Assignment:
Leave out the pictures and repeat exactly the lines from the one containing "Preview for 46" through the final line of the listing below.

======== Source data

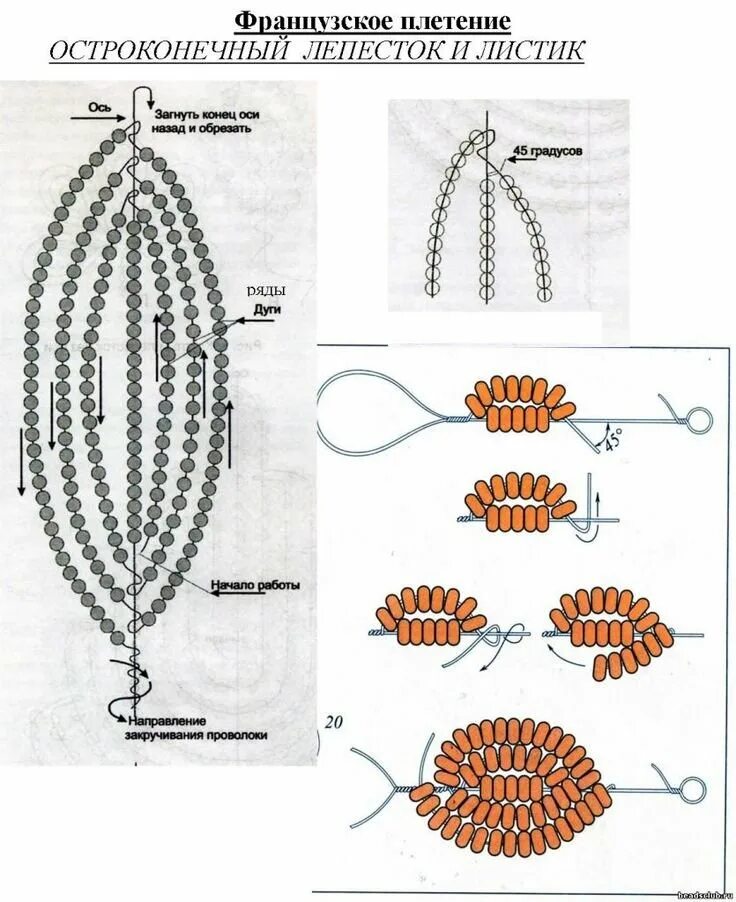 Плетение из стекляруса схемы для начинающих. Плетение лепестков из бисера схемы пошагово. Схемы для бисероплетения для начинающих схема плетения. Бисероплетение для начинающих пошагово цветы схемы и описание.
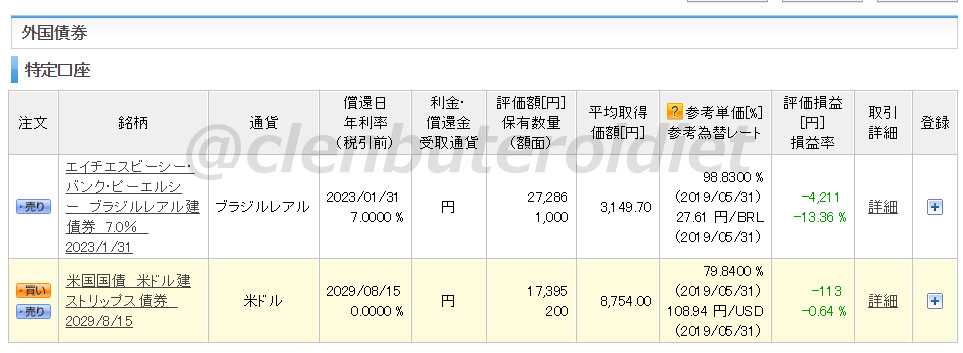 f:id:clenbuteroldiet:20190531211415j:plain
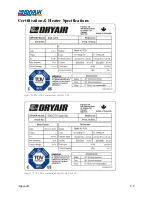 Preview for 46 page of DryAIR 600 GTS Series Operator'S Manual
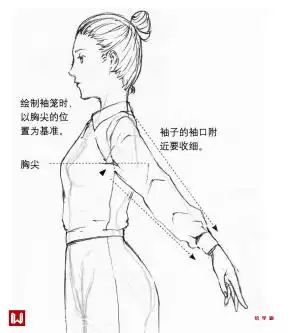 衣服袖子的褶皱怎么画?__凤凰网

================

Reply to the task:
 Preview for 46 page of DryAIR 600 GTS Series Operator'S Manual
 衣服袖子的褶皱怎么画?__凤凰网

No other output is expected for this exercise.